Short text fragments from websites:
_____

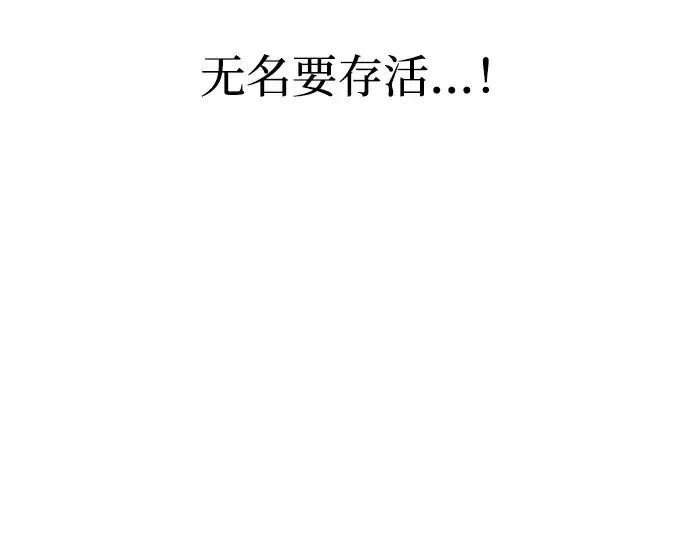 《成为塔防游戏里的暴君》第164话图159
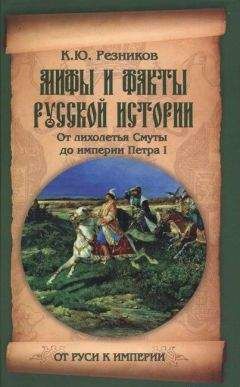 Кирилл Резников - Мифы и факты русской истории. От лихолетья Cмуты до империи Петра - Читать 📖 Читать онлайн 👀 Читаемые книги читать онлайн бесплатно 🔥 booksread-online.com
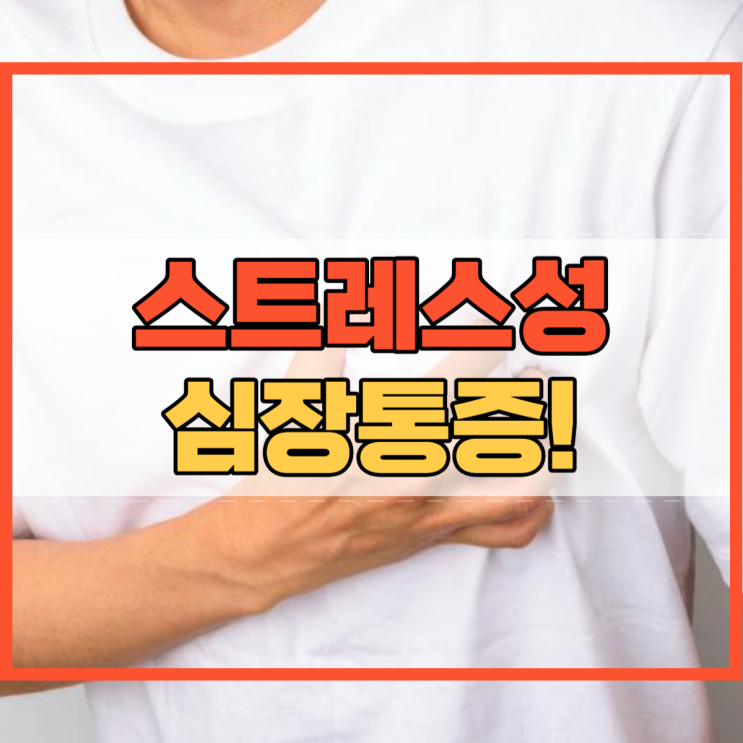  스트레스 심장통증 어떻게 대처 해야할까요?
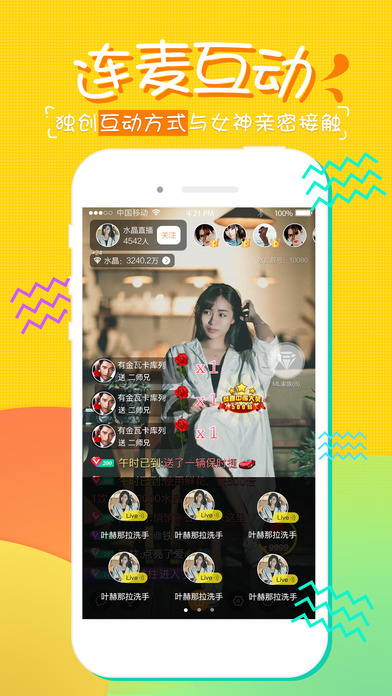 小白兔直播新网站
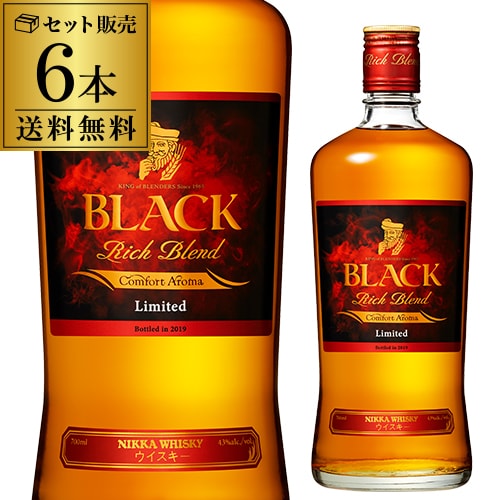 【送料無料】【6本セット】数量限定 ブラックニッカ リッチブレンド コンフォートアロマ 700ml 43度 日本 国産 ジャパニーズ ブレンデッド ウイスキー BLACK NIKKA Rich Blend Comfort Aroma JAPANESE WHISKY (1本あたり1,967円税抜)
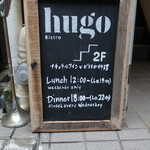 Hugo - 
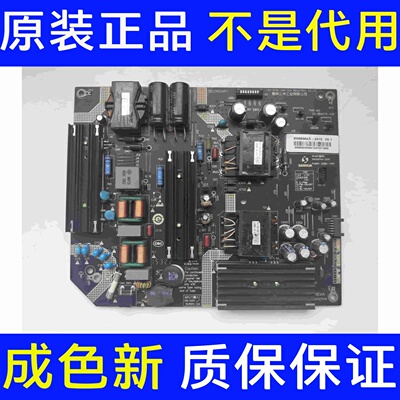 原装拆机联想50S9i 电源板SHG5004A-201E 25-DB4275-X2P 测好实图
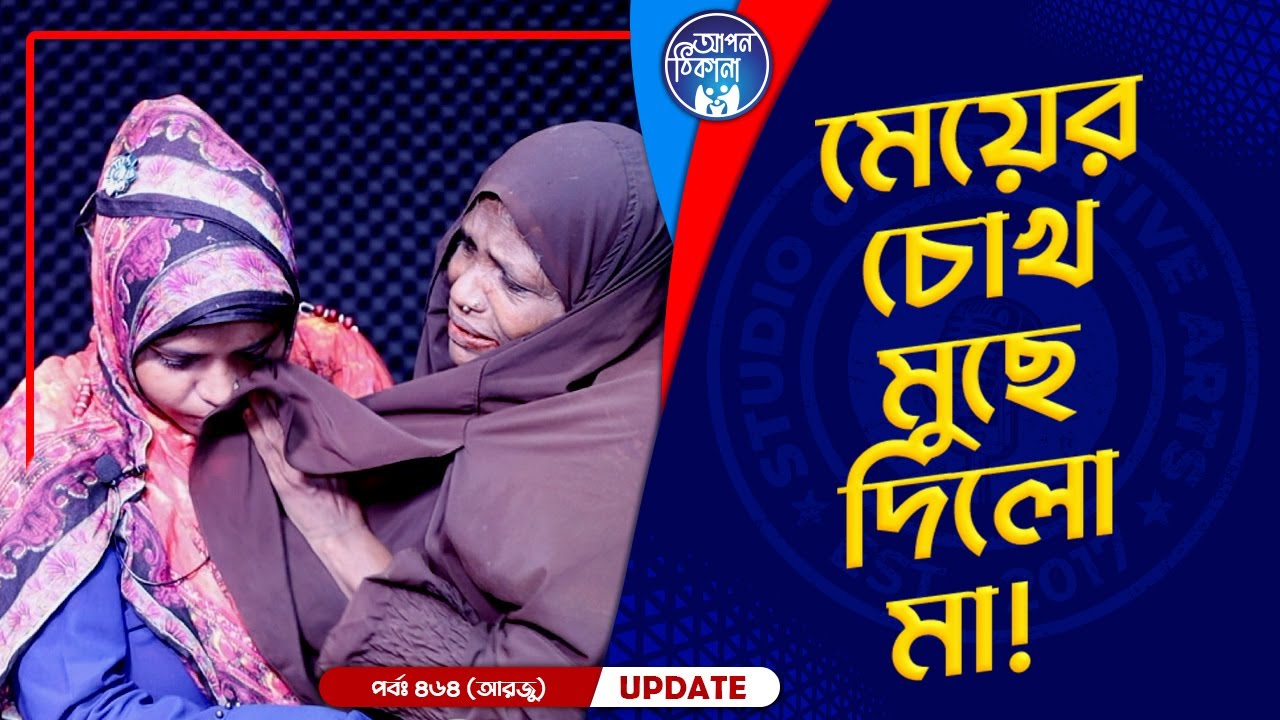 মা মুছে দিলো মেয়ের চোখ ! Apan Thikana: 464 I Arju I Final Update I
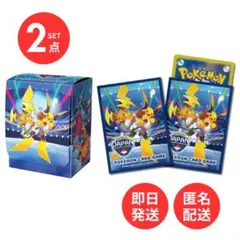 2026年最新】jcs サプライの人気アイテム - メルカリ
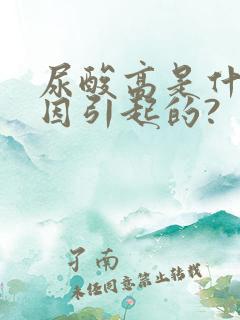 尿酸高是什么原因引起的?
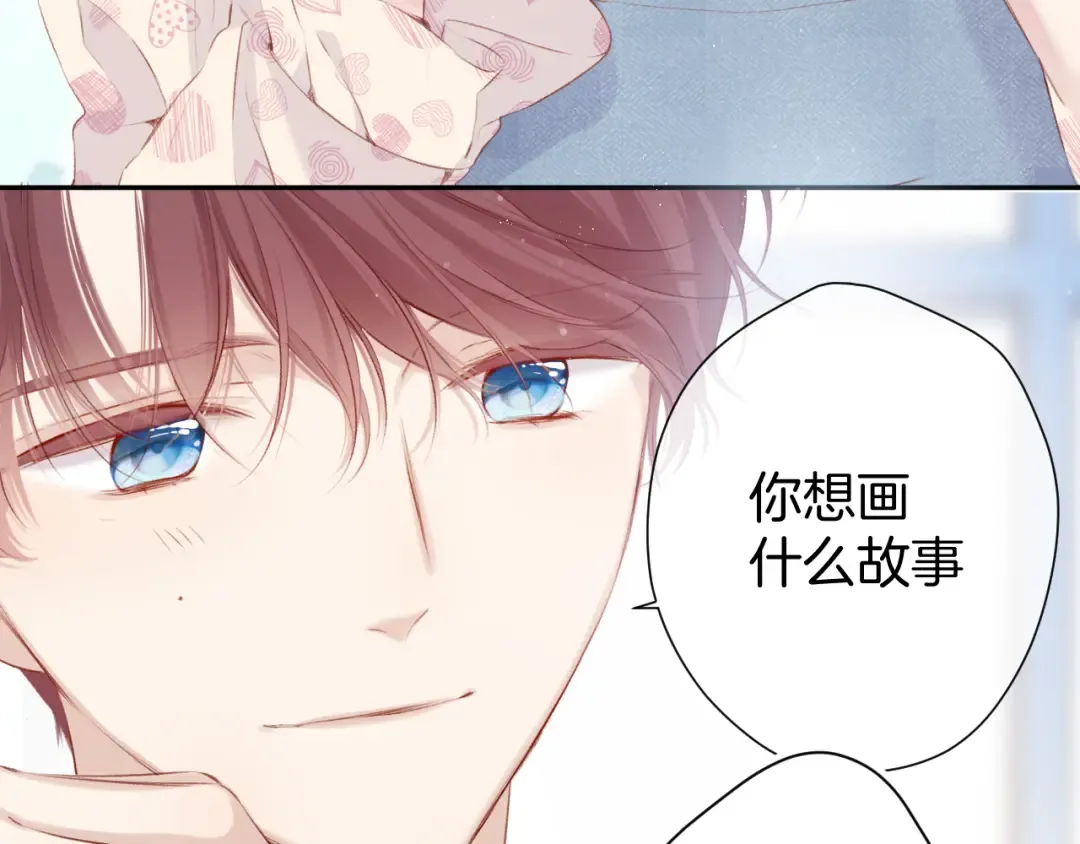 第94话 前夕 第78页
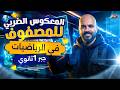 شرح المعكوس الضربي للمصفوفة وحل اهم التدريبات جبر اولى ثانوي ترم تاني 2026 مستر احمد الفواخري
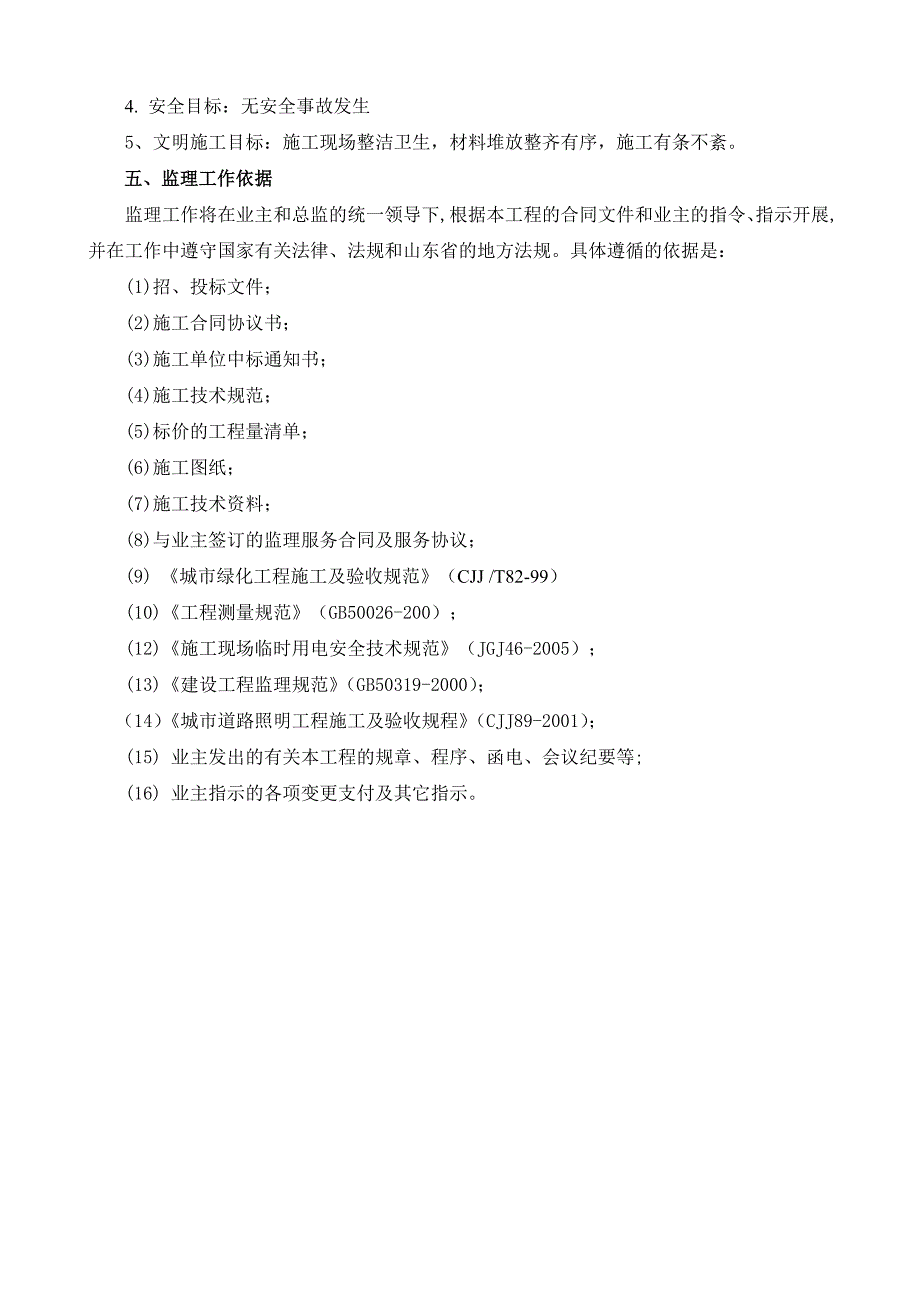 南部新城夹河河滨路绿道景观改造工程监理规划_第3页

_____

*Directions*: Nothing but the lines from the one with "第94话 前夕 第78页" through the last line of the records should appear in your answer, each exactly as written and without pictures.

*Response*:
 第94话 前夕 第78页
 شرح المعكوس الضربي للمصفوفة وحل اهم التدريبات جبر اولى ثانوي ترم تاني 2026 مستر احمد الفواخري
 南部新城夹河河滨路绿道景观改造工程监理规划_第3页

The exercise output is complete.